* _WHAT IS EXPECTED_: At the line that holds "Sommerfest 2026 der", start repeating, and keep going exactly through the final line of the material; include both ends and skip the pictures.
++++++++++++++++++++
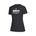 Picture of Womens Creator Short Sleeve Tee - Black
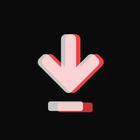 TikDownloader icon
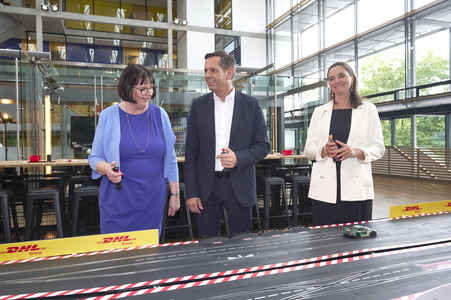 Sommerfest 2026 der Niedersächsischen Landesregierung in Berlin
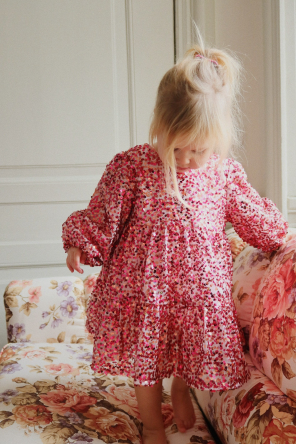 Konges Sløjd Sequin dress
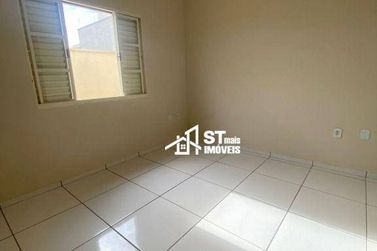 Casa para alugar - 75m&sup2; - Jardim Portal da Mantiqueira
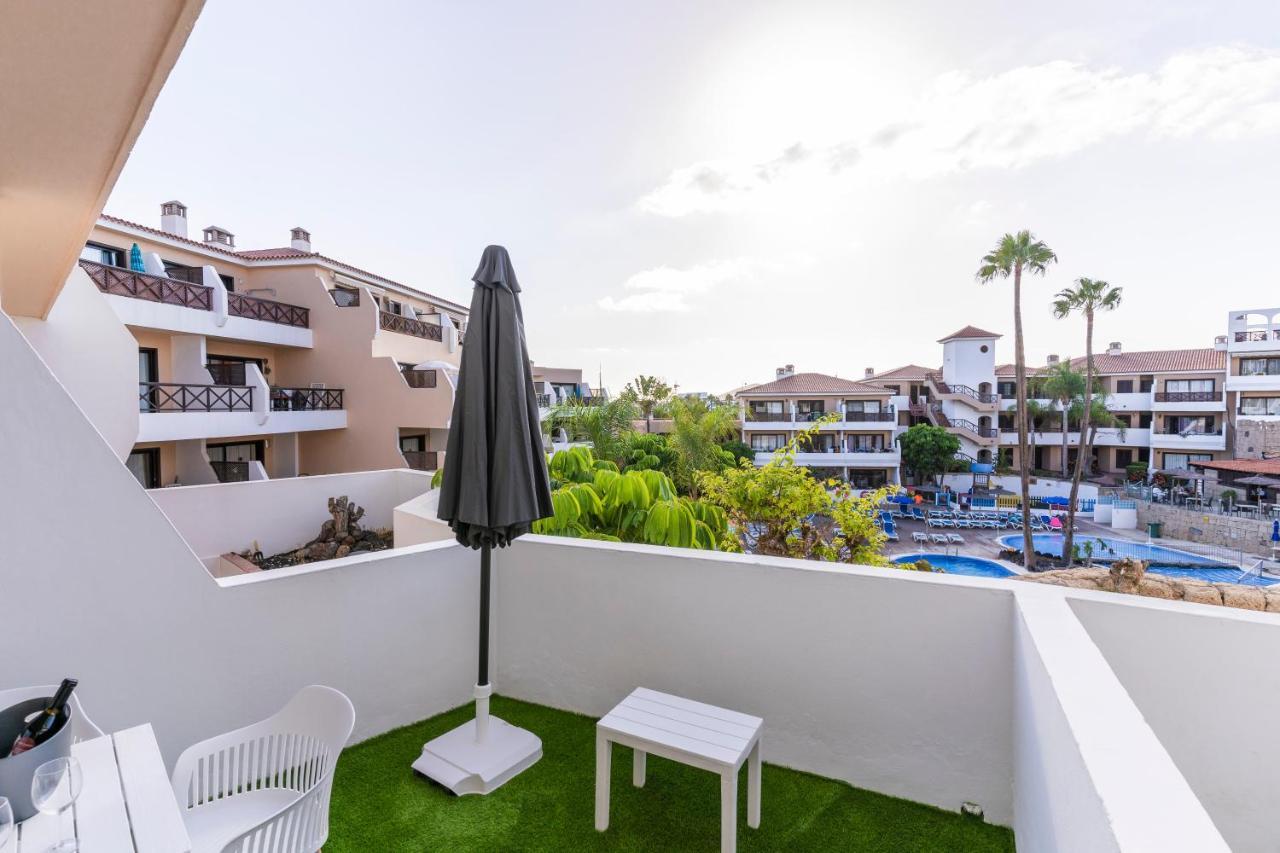 Mahi Vacation Home In Tenerife Sur San Miguel de Abona Luaran gambar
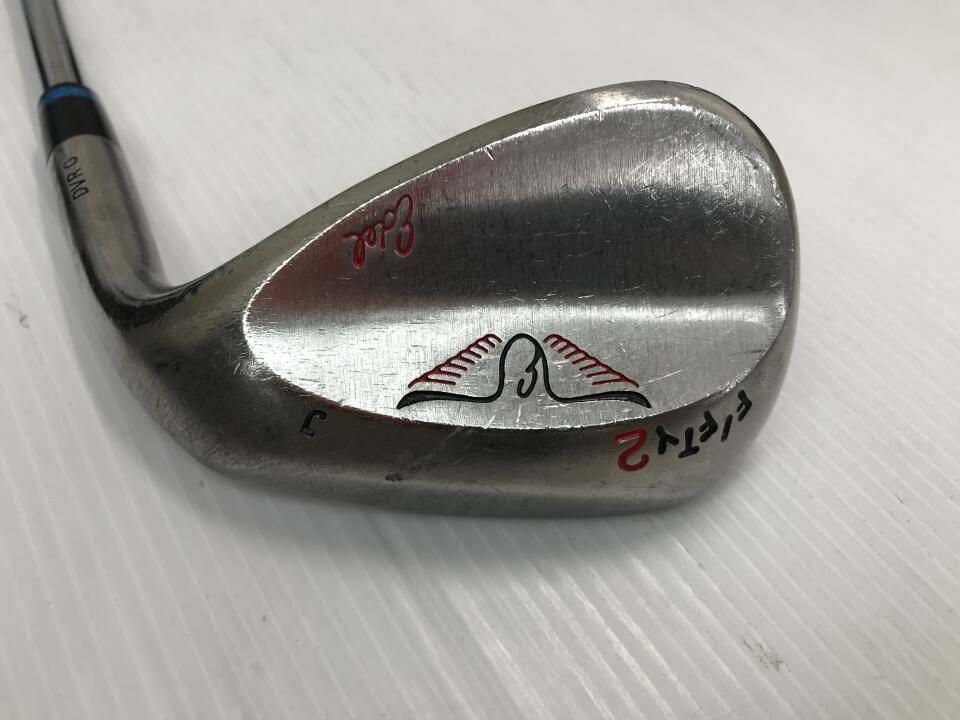 イーデル　EDEL ウェッジ　52° dg s200 Edel Golf J Wedge TRP G Wedge 52 DG (S200) #729 Golf Clubs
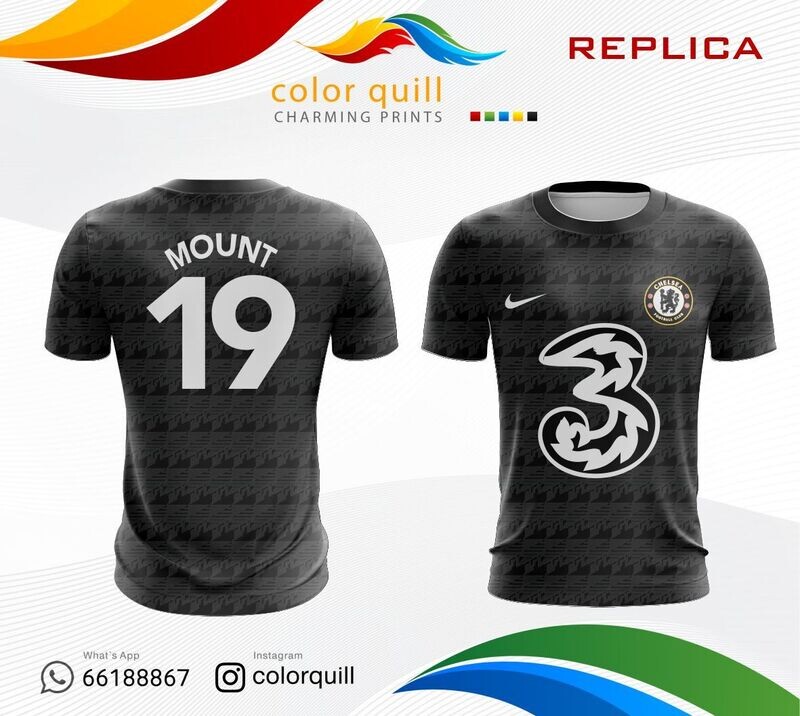 Chelsea 17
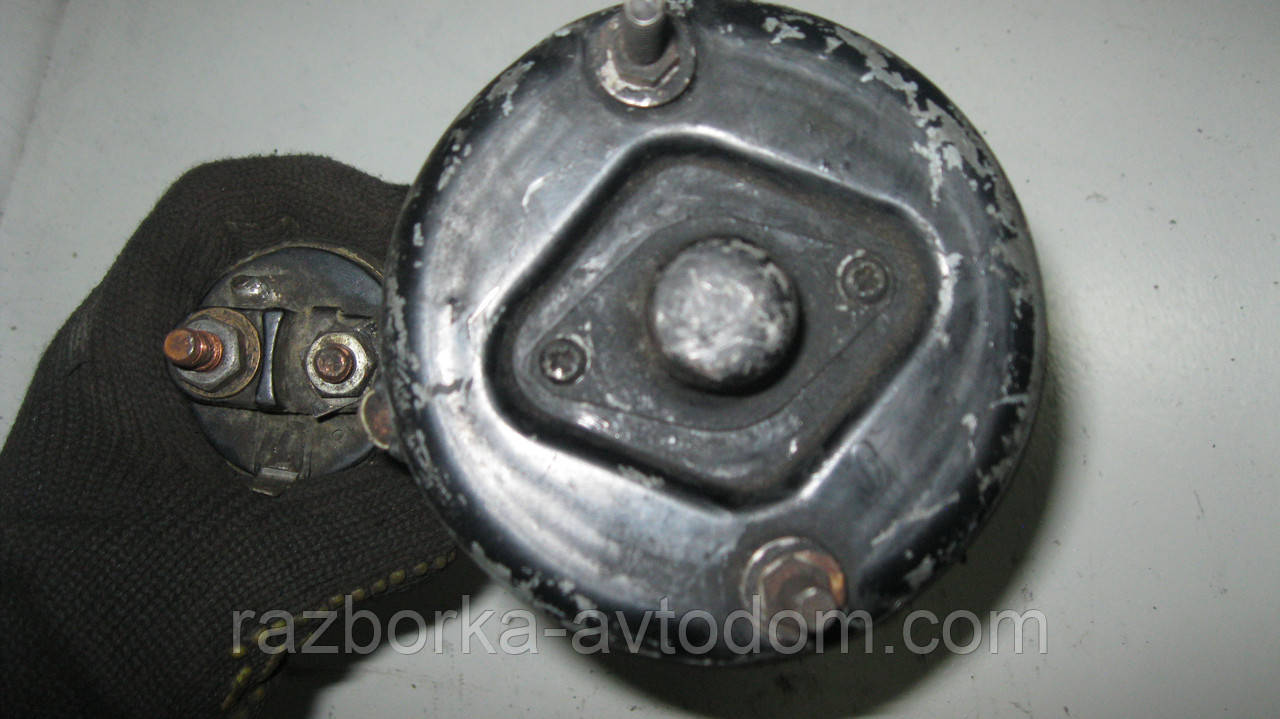 Стартер CS290 б/у ( Bosch) Opel Ascona, Opel Astra, Opel Kadett, Opel Vectra (9 ЗУБ)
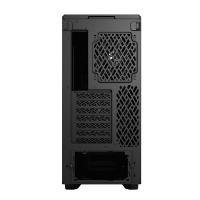 Fractal Design Meshify 2 Compact Dark Tint TG Mid Tower ATX Case - Black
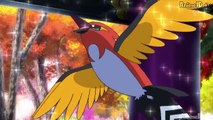 Pokemon XY AMV - Ash vs. The Kalos Gym Leaders / Flux Pavilion - Freeway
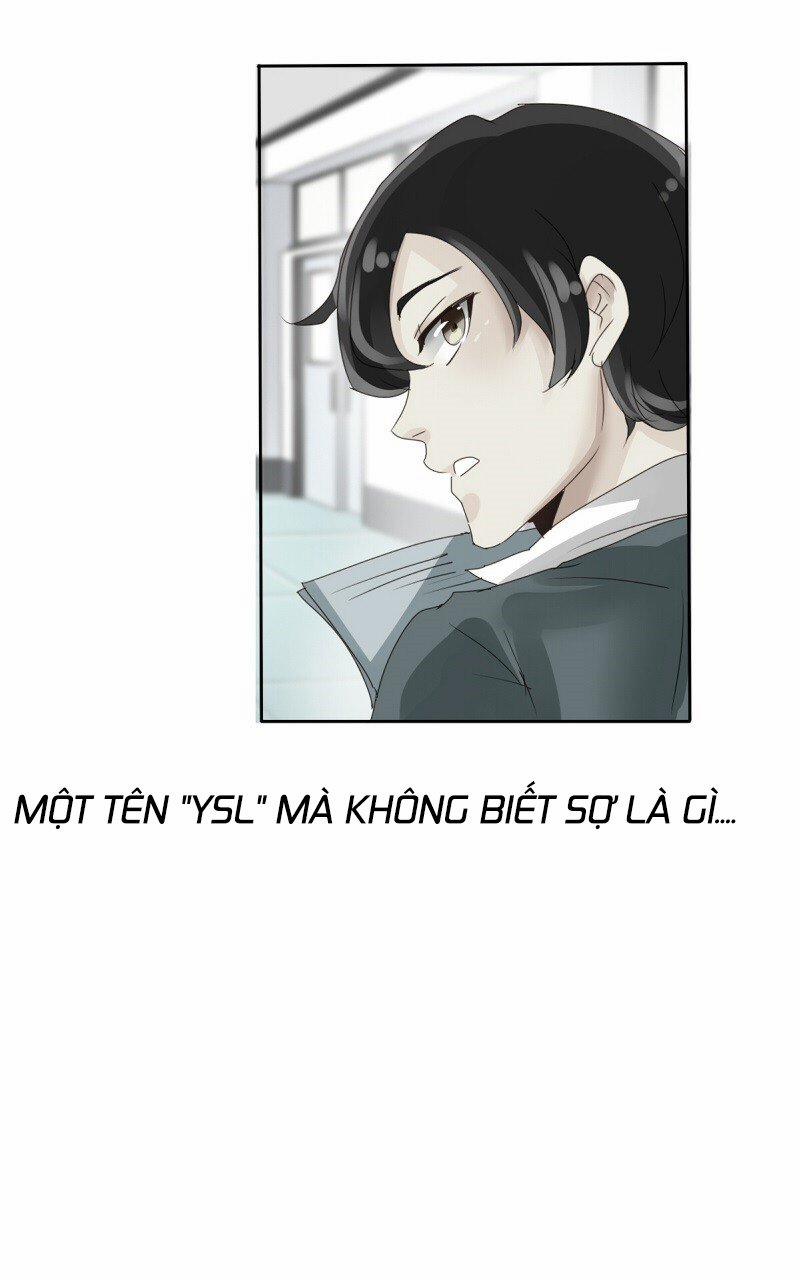 Thế Giới Không Hoàn Hảo 35 trang 9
++++++++++++++++++++
* _EXERCISE RESULT_:
 Sommerfest 2026 der Niedersächsischen Landesregierung in Berlin
 Konges Sløjd Sequin dress
 Casa para alugar - 75m&sup2; - Jardim Portal da Mantiqueira
 Mahi Vacation Home In Tenerife Sur San Miguel de Abona Luaran gambar
 イーデル　EDEL ウェッジ　52° dg s200 Edel Golf J Wedge TRP G Wedge 52 DG (S200) #729 Golf Clubs
 Chelsea 17
 Стартер CS290 б/у ( Bosch) Opel Ascona, Opel Astra, Opel Kadett, Opel Vectra (9 ЗУБ)
 Fractal Design Meshify 2 Compact Dark Tint TG Mid Tower ATX Case - Black
 Pokemon XY AMV - Ash vs. The Kalos Gym Leaders / Flux Pavilion - Freeway
 Thế Giới Không Hoàn Hảo 35 trang 9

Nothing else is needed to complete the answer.